November 04, 2009
On Wed, 04 Nov 2009 14:03:42 -0300, Leandro Lucarella wrote:

> I think safe should be the default, as it should be the most used flavor in user code, right? What about:
> 
> module s;             // interface: safe     impl.: safe
> module (trusted) t;   // interface: safe     impl.: unsafe
> module (unsafe) u;    // interface: unsafe   impl.: unsafe
> 
> * s can import other safe or trusted modules (no unsafe for s). * t can
> import any kind of module, but he guarantee not to corrupt your
>   memory if you use it (that's why s can import it).
> * u can import any kind of modules and makes no guarantees (C bindings
>   use this).
> 
>> That's a pretty clean design. How would it interact with a -safe command-line flag?
> 
> I'll use safe by default. If you want to use broken stuff (everything
> should be correctly marked as safe (default), trusted or unsafe) and let
> it compile anyway, add a compiler flag -no-safe (or whatever).
> 
> But people should never use it, unless you are using some broken library or you are to lazy to mark your modules correctly.
> 
> 
> Is this too crazy?

I have no problem with safe as default, most of my code is safe. I also like the module (trusted) - it really pictures it meanings, better than "system".

But I think there is no reason no use -no-safe compiler flag ... for what reason one would want to force safer program to compile as less safer :)

As I'm thinking more about it, I don't see any reason to have any compiler flag for safety at all.
November 04, 2009
Michal Minich wrote:
> On Wed, 04 Nov 2009 14:03:42 -0300, Leandro Lucarella wrote:
> 
>> I think safe should be the default, as it should be the most used flavor
>> in user code, right? What about:
>>
>> module s;             // interface: safe     impl.: safe module (trusted) t;   // interface: safe     impl.: unsafe
>> module (unsafe) u;    // interface: unsafe   impl.: unsafe
>>
>> * s can import other safe or trusted modules (no unsafe for s). * t can
>> import any kind of module, but he guarantee not to corrupt your
>>   memory if you use it (that's why s can import it).
>> * u can import any kind of modules and makes no guarantees (C bindings
>>   use this).
>>
>>> That's a pretty clean design. How would it interact with a -safe
>>> command-line flag?
>> I'll use safe by default. If you want to use broken stuff (everything
>> should be correctly marked as safe (default), trusted or unsafe) and let
>> it compile anyway, add a compiler flag -no-safe (or whatever).
>>
>> But people should never use it, unless you are using some broken library
>> or you are to lazy to mark your modules correctly.
>>
>>
>> Is this too crazy?
> 
> I have no problem with safe as default, most of my code is safe. I also like the module (trusted) - it really pictures it meanings, better than "system". 
> 
> But I think there is no reason no use -no-safe compiler flag ... for what reason one would want to force safer program to compile as less safer :)
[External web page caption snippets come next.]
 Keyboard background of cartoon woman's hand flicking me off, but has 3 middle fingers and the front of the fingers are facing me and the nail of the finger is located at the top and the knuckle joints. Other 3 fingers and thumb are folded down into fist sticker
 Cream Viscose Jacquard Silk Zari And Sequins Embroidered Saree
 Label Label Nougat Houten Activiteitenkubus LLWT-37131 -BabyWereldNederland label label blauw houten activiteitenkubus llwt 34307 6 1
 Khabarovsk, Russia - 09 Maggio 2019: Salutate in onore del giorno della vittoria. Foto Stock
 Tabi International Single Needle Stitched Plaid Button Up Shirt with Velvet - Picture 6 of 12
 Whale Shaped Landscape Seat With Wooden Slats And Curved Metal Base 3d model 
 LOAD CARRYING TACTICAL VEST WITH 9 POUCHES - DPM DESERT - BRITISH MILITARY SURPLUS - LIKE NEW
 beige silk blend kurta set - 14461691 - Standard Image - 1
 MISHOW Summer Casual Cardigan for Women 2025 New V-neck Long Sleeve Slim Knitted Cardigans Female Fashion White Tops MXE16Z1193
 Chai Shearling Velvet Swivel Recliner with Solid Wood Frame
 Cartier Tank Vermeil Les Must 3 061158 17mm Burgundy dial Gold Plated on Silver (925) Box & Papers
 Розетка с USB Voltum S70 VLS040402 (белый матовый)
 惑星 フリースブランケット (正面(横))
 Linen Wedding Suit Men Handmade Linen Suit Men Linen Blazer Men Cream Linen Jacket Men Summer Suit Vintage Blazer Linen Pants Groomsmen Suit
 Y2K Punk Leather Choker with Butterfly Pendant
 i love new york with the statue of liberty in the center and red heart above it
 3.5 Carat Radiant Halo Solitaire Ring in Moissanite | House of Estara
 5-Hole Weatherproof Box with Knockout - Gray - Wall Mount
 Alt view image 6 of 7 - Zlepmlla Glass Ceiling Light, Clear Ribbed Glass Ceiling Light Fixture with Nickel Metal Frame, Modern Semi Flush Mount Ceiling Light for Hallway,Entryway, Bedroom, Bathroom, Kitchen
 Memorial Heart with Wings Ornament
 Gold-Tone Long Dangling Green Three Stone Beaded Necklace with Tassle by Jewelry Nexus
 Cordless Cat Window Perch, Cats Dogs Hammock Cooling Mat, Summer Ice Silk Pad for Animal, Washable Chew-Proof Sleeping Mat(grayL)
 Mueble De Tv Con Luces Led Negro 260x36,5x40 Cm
Efficiency (e.g. remove array bounds checks).

> As I'm thinking more about it, I don't see any reason to have any compiler flag for safety at all.

That would be a great turn of events!!!


Andrei
November 04, 2009
Michal Minich, el  4 de noviembre a las 18:58 me escribiste:
> As I'm thinking more about it, I don't see any reason to have any compiler flag for safety at all.

That was exacly my point.

-- 
Leandro Lucarella (AKA luca)                     http://llucax.com.ar/
----------------------------------------------------------------------
GPG Key: 5F5A8D05 (F8CD F9A7 BF00 5431 4145  104C 949E BFB6 5F5A 8D05)
----------------------------------------------------------------------
Be nice to nerds
Chances are you'll end up working for one
November 04, 2009
On Wed, 04 Nov 2009 13:12:54 -0600, Andrei Alexandrescu wrote:

>> But I think there is no reason no use -no-safe compiler flag ... for what reason one would want to force safer program to compile as less safer :)
> 
> Efficiency (e.g. remove array bounds checks).
> 
>> As I'm thinking more about it, I don't see any reason to have any compiler flag for safety at all.
> 
> That would be a great turn of events!!!
> 
> 
> Andrei

Memory safety is pretty specific thing, If you want it, you want it all, not just some part of it - then you cannot call it memory safety. The idea of safe module, which under some compiler switch is not safe does not appeal to me. But efficiency is also important, and if you want it, why not move the code subjected to bounds checks to trusted/system module - I hope they are not checked for bounds in release mode. Moving parts of the code to trusted modules is more semantically describing, compared to crude tool of ad-hoc compiler switch.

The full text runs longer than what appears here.